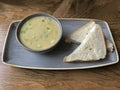 Vegetable Soup and White Bread Slices on a Table in a Cafe Royalty Free Stock Photo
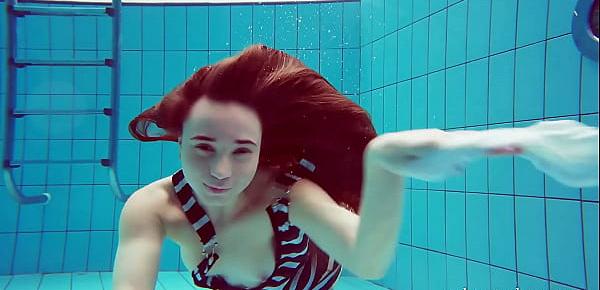  Cute hairy pussy teenie Nina in the swimming pool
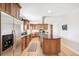 Well-equipped kitchen featuring stainless steel appliances, granite countertops, and a large island with seating at 1354 S Wright St, Lakewood, CO 80228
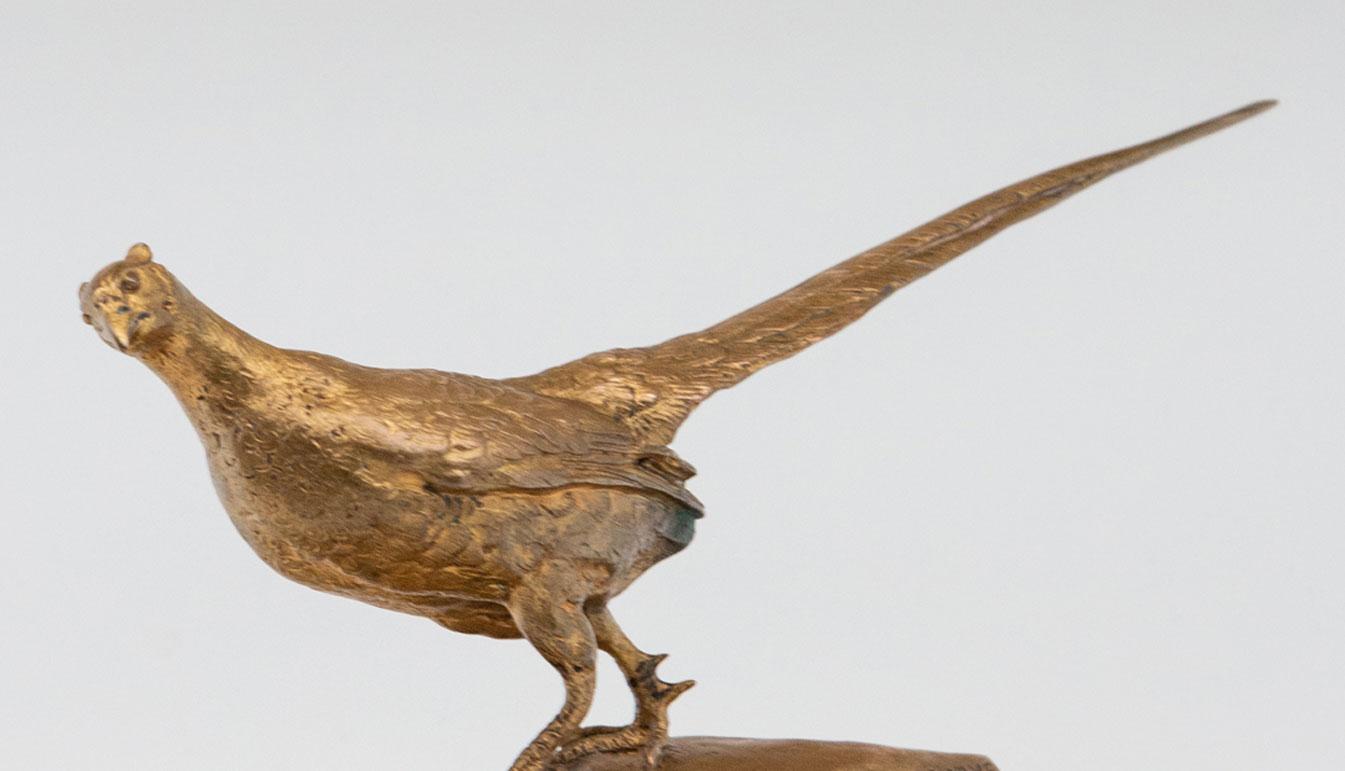 Bronze sculpture of a Pheasant on red marble. After Antoine Louis Barye, Signed F. Barbedienne.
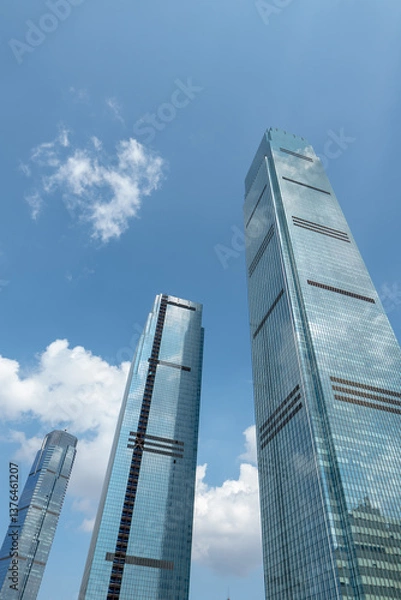 Fototapeta low angle view of modern skyscrapers and skyline.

★ ★ ★ ★ ★ ★ ★

### The task
Verbatim output of every entry above is required, though pictures are to be left out.

### Response to the task
 Vegetable Soup and White Bread Slices on a Table in a Cafe Royalty Free Stock Photo
  Cute hairy pussy teenie Nina in the swimming pool
 Well-equipped kitchen featuring stainless steel appliances, granite countertops, and a large island with seating at 1354 S Wright St, Lakewood, CO 80228
 Bronze sculpture of a Pheasant on red marble. After Antoine Louis Barye, Signed F. Barbedienne.
 Fototapeta low angle view of modern skyscrapers and skyline.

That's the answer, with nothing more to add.